Bringing Transdiciplinarity in Science-Policy Interface for Ocean Sustainability
This blog post reflects on the key messages shared at a recent webinar on “Strengthening the Science-Policy Interface for Ocean Sustainability” and the One Ocean Hub’s earlier events on these issues at World Oceans Week 2020 and part of the UN Nippon Fellow Alumni capacity-building programme in 2020.
The webinar on “Strengthening the Science-Policy Interface for Ocean Sustainability” was organised by the United Nations Office of Legal Affairs, Division for Ocean Affairs and the Law of the Sea, in cooperation with the Intergovernmental Oceanographic Commission of UNESCO on 1st March 2021. It marked the release of the Second World Ocean Assessment, the start of the third cycle of the UN Regular Process for Global Reporting and Assessment of the State of the Marine Environment, including Socioeconomic Aspects (2021-2025), and the beginning of the UN Decade of Ocean Science for Sustainable Development (2021-2030). The key message from the webinar was a call for integrated ocean management and a coherent understanding of the impact of human activities on marine ecosystems.
Integrated evidence base and the role of social sciences
The seminar was opened by Miguel de Serpa Soares, Under-Secretary-General for Legal Affairs and United Nations Legal Counsel; Juliette Babb-Riley, Co-Chair of the Ad Hoc Working Group of the Whole of the General Assembly on the Regular Process and Deputy Permanent Representative of Barbados to UN; and Vladimir Ryabinin, Executive Secretary of the Intergovernmental Oceanographic Commission (IOC) of UNESCO. De Serpa Soares highlighted the challenges in making science understandable to public and decision makers. He and Babb-Riley pointed to the need to ensure that policy decisions are rooted in science and knowledge, as the World Ocean Assessment report reveals a negative trend in ocean ecosystems to address the declining ocean health worldwide. Ryabinin in his opening remarks stressed how the ocean can sustain impressive economy that worth the equivalent of 50 trillion USD in 2050, prioritizing integrated science-based ocean management. He stressed the importance of the inclusion of social sciences in the cycle of regular process of ocean assessment and in mainstreaming sustainability of the ocean.

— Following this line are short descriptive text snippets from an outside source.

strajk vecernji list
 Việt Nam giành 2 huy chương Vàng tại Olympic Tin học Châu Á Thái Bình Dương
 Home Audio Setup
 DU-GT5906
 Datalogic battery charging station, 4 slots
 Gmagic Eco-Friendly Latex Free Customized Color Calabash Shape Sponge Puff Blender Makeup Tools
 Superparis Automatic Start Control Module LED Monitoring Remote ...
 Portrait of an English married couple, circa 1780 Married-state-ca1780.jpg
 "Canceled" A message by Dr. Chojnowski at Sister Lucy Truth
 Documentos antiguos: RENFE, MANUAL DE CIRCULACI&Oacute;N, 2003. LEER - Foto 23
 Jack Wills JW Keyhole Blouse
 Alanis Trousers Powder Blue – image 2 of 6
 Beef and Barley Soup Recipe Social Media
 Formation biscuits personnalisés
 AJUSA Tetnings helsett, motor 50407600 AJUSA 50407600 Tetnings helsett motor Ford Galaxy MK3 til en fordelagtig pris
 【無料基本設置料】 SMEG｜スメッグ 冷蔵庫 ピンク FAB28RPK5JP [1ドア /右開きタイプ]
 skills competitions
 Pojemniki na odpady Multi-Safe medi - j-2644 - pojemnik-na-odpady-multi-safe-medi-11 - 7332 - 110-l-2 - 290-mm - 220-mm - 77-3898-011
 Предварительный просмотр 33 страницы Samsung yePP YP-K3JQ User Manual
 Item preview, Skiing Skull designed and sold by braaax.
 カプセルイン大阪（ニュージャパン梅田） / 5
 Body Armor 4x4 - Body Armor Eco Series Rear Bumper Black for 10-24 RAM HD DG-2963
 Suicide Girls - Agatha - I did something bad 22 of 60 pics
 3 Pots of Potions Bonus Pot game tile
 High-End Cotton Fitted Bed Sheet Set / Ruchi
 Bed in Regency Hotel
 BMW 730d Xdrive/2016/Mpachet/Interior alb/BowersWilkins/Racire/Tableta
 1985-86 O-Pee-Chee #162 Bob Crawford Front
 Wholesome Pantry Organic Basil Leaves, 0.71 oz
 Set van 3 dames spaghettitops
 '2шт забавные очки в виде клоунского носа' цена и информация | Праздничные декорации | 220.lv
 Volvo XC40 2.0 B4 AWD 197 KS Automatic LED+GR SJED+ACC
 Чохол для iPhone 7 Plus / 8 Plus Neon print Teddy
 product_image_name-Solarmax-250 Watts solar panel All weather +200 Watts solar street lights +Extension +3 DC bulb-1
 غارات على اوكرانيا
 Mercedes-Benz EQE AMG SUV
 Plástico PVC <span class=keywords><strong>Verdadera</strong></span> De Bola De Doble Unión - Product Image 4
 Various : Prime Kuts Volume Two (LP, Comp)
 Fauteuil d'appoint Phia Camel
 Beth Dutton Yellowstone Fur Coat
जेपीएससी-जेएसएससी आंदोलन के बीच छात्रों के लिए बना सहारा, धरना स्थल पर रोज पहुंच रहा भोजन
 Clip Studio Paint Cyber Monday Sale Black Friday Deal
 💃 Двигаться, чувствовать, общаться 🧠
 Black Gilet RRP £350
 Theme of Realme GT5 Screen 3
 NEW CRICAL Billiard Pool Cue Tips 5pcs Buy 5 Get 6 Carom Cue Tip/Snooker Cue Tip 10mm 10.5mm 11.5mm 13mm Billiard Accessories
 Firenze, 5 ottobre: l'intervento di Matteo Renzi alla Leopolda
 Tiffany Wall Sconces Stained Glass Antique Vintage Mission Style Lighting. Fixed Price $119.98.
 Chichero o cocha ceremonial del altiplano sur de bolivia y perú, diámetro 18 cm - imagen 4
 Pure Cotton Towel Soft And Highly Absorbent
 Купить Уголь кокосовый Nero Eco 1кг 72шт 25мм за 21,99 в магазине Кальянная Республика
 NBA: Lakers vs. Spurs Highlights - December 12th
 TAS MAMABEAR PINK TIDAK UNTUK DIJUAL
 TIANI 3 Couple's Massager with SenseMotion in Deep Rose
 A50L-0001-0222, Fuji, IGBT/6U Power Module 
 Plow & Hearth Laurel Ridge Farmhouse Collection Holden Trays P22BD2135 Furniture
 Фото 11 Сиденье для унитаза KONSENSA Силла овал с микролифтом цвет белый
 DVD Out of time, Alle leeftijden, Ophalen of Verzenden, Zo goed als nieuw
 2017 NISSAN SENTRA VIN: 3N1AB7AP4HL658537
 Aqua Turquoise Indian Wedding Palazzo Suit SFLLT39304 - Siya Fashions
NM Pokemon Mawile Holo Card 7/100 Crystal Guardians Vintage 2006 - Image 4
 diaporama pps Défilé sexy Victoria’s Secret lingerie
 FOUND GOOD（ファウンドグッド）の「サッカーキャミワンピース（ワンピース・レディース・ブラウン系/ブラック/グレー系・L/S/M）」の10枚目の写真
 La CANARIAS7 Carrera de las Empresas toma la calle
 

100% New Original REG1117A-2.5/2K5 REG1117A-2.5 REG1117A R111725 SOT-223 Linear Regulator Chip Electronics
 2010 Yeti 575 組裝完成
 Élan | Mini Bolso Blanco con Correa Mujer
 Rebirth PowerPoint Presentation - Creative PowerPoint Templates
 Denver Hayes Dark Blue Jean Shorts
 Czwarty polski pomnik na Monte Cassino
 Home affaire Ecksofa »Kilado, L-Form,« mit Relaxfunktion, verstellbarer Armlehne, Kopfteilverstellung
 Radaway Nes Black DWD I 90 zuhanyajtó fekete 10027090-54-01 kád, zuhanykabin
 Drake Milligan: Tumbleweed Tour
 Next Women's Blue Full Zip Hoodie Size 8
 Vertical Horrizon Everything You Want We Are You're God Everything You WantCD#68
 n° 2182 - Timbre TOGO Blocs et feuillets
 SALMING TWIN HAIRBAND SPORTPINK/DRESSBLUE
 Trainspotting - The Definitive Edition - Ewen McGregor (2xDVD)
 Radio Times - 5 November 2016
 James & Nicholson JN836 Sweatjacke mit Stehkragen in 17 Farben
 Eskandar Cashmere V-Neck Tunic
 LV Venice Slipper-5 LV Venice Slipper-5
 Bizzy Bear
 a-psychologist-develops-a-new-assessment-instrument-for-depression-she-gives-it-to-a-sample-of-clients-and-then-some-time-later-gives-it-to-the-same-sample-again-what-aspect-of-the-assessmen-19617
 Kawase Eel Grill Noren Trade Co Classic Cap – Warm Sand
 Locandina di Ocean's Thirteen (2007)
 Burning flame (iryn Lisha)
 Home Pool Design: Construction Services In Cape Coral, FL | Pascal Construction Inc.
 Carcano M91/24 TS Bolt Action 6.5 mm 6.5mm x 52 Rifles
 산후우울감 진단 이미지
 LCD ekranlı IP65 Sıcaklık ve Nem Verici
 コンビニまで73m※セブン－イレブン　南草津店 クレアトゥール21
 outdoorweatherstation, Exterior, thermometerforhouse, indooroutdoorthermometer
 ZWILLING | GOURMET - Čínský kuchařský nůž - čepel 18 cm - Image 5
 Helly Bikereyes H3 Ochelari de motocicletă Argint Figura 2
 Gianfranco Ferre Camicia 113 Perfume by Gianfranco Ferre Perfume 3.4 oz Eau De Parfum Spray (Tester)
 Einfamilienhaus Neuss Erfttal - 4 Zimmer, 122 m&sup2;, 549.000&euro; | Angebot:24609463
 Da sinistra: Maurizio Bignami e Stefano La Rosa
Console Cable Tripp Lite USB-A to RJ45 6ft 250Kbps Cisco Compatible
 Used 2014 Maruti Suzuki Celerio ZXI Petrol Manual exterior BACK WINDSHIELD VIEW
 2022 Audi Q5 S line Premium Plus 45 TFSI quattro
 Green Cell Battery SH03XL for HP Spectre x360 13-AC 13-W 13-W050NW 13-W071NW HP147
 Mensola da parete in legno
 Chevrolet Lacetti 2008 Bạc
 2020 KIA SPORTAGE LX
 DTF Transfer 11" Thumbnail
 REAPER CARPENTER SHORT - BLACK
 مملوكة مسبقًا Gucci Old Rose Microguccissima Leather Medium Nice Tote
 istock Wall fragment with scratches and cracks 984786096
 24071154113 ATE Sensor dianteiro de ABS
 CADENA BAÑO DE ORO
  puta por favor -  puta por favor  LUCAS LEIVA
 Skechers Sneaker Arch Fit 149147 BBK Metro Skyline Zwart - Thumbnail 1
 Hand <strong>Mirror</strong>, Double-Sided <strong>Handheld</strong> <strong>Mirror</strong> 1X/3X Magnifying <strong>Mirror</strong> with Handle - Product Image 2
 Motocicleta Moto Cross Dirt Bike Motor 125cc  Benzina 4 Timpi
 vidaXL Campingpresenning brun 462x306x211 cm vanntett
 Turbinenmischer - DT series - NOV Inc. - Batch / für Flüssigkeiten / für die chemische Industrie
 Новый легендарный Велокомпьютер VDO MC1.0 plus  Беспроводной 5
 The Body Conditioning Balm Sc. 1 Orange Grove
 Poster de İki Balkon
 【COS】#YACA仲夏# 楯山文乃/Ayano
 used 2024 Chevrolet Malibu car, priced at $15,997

These comments chime with the Hub’s tools and technology to support ecosystem mapping and sustainable fisheries, which have been developed across marine and social sciences. On that basis, Hub-led events for the World Oceans Week 2020 and the UN Nippon Fellow Alumni capacity-building programme in 2020 raised the following key points on what it means to integrate social sciences in ocean research:
- Certain forms of knowledge and technologies exert influence on people and policy-making in ocean governance.
- Research can reveal dominant ways of seeing and can help us recognise and learn from a broader range of voices and concerns.
- Alternative (including extra-legal) processes and creative methodologies can work to include intangible heritage and indigenous knowledge into policy- and decision-making spaces.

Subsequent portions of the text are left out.